PS1 IPP Czar Logs for the week 2011.11.14 - 2011.11.20

(Up to PS1 IPP Czar Logs)

Monday : 2011.11.14

  • 08:40 Mark: looks like ippc06 is down, seems to be causing problem even though out of nebulous hosts? maybe problem in my config (yes, see ~ipp/.tcshrc). rebooting (no info on console)
    Unable to access file neb://@HOST@.0/gpc1/SAS2.123/2011/07/26/RINGS.V3/skycell.1405.001/RINGS.V3.skycell.1405.001.stk.339528.target.psf: nebclient.c:535 nebFind() - no instances found
    
    -- but neb-stat says ok
          1 409a428a70bcbbccd1528cecdd33c02a file:///data/ipp037.0/nebulous/f6/92/1132632500.gpc1:SAS2.123:2011:07:26:RINGS.V3:skycell.1405.001:RINGS.V3.skycell.1405.001.stk.339528.target.psf
          1 409a428a70bcbbccd1528cecdd33c02a file:///data/ipp027.0/nebulous/f6/92/1132694136.gpc1:SAS2.123:2011:07:26:RINGS.V3:skycell.1405.001:RINGS.V3.skycell.1405.001.stk.339528.target.psf
    
    
  • 14:50 Mark: stress testing CPU on ippc11 to check if can use again after heatsink reset. CPU1 usage (up to 4 cores) may be possible, full 8 cores lasted 3 minutes.

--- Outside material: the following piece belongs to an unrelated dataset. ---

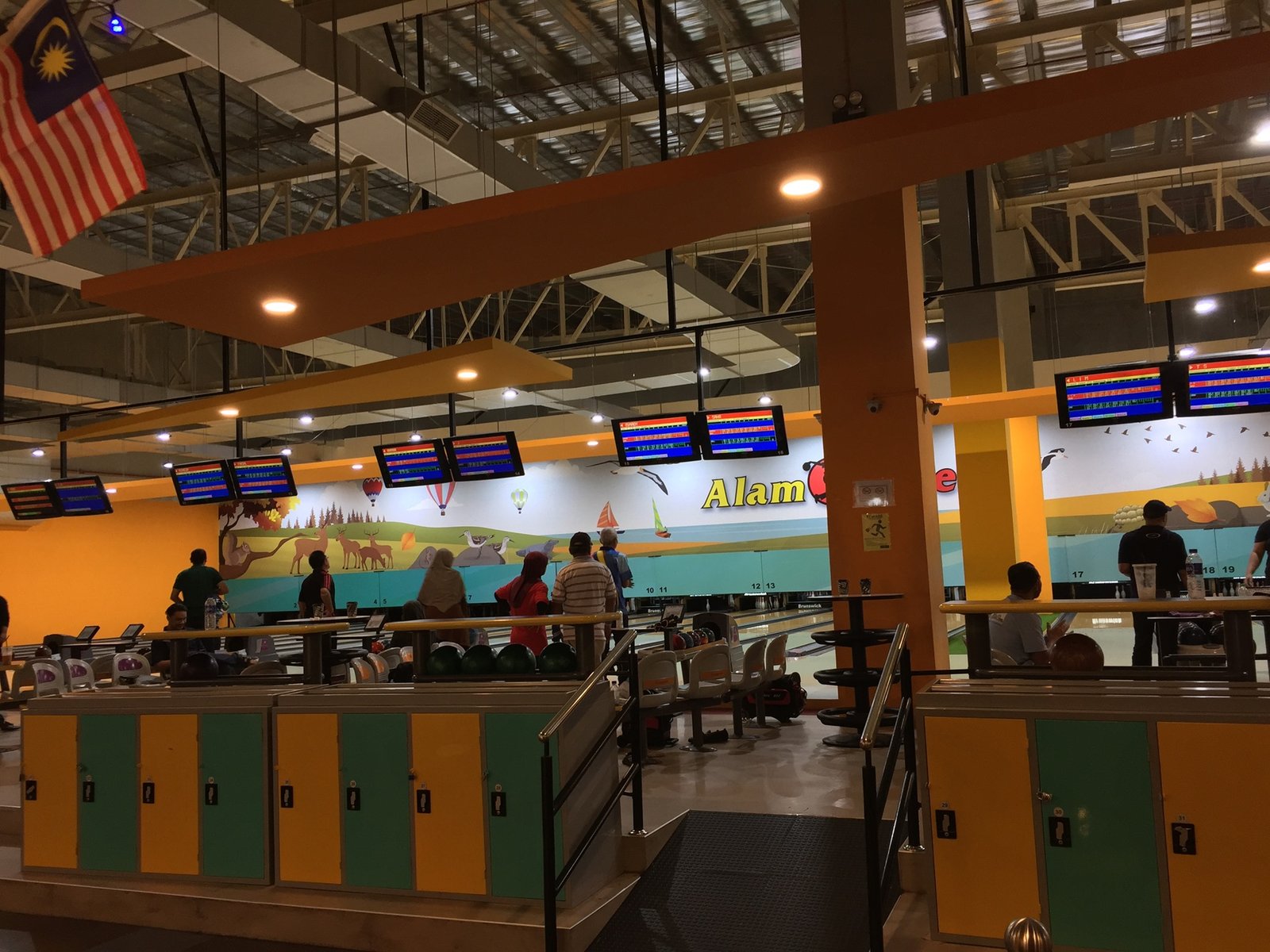 Alam Lanes, AEON Mall Shah Alam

Also isn't rebooting on powercycle again, leaving off for a bit and back after ~5-10 mins (seems like thermal issue still).
  • 16:16 Mark: crashed ipp029 with same stress code (only 2 jobs) and got kernel panic like has been seen before, probabaly not thermal issue.
  • 16:30 Mark: crashed ippc11 again, 6 jobs running. temperature plots show temperature rise as expected, then drop off after some 15 mins, then spike one CPU and crash. suspect ippc11 could now be used like ippc13 in the hosts_poor_compute group, at about 30-50%.
  • 18:40 Mark: rebooted ipp029 (no info on console this time..)
  • 14:35 Bill damaged the magicDSFile table in database. We are working to recover that data from backup

Tuesday : 2011.11.15

Bill is czar today

  • 08:00 processing went smoothly last night with destreak and distribution turned off (to work around the broken table)

Wednesday : 2011.11.16

  • 10:00 Serge and Bill have finished restoring the missing rows from the magicDSFile table. LAP and update processing have been enabled.

Thursday : 2011.11.17

  • 07:50 Only 6 MD09 exposures taken last night
  • 11:40: Rebooted ipp029

Friday : 2011.11.18

  • 7 - 9 am Bill fixed the data state problems that were preventing several lap chipRuns from finishing.
  • 9:30 chip revert is off while bill debugs an assertion failure
  • 10:02 48 warps were stuck because they depended on chips whose magicDSRun had state ='update but label = 'goto_cleaned' Set label to the proper LAP label
  • 17:00 Serge started condor running MD06 chip->warp.
  • 17:30 Mark: shutting down pantasks and rebuilding ops tag with Gene's psphotStack merges. nightly science seems to have needed the restart as well. looks like new wave4 machines in use as well.
  • 17:xx ippc11 went down from condor runs. someone rebooted. also condor_off for ippc13 (weak machine) and ippc16 (stdscience pantasks)
  • 23:00 looks like ippc04 being worked a bit too much with processing and running staticsky phot from stack pantasks. setting host off for a bit

Saturday : 2011.11.19

Bill is accidentlly czar this morning.

  • 09:00 gpc1 database oveloaded. ~500 queries in processlist. Stopped stdscience. Killed condor.
  • 09:40 process list not shrinking very fast. Killed all connections to gpc1. They were all SELECTS
  • 10:33 restarted processing and the database because sluggish quite quickly. Decided to restart it. Before that made a dump of gpc1 in /export/ippdb01.0/bills/gpc1.dump.20111113T1116.sql. Did not bother to compress. 90GB
  • 13:00 shut down mysqld with mysqladmin shutdown. Then restarted it with /etc/init.d/mysqld start. That program is impatient and says that it didn't start, but it did. Restarted all pantasks except for deepstack and the addstars. There is a dvomerge that kept running through the shutdown (whew) Heather will restart addstar when it is done.
  • 13:30 Bill is resigning as czar.
  • 13:33 .... well one last thing. Ran mkdir /local/ipp/tmp on the new nodes. the directories were missing and causing lots of faults
  • 16:30 We're getting timeouts from the load tasks. I think that the timeout value for several of the tasks (30s) might be too small . Restarted distribution to reset the counts
  • 16:31 This doesn't sound good
Running [/home/panstarrs/ipp/psconfig/ipp-20111110.lin64/bin/magicdstool -magic_ds_id 734026 -component XY61 -setmagicked -tofullfile -dbname gpc1]...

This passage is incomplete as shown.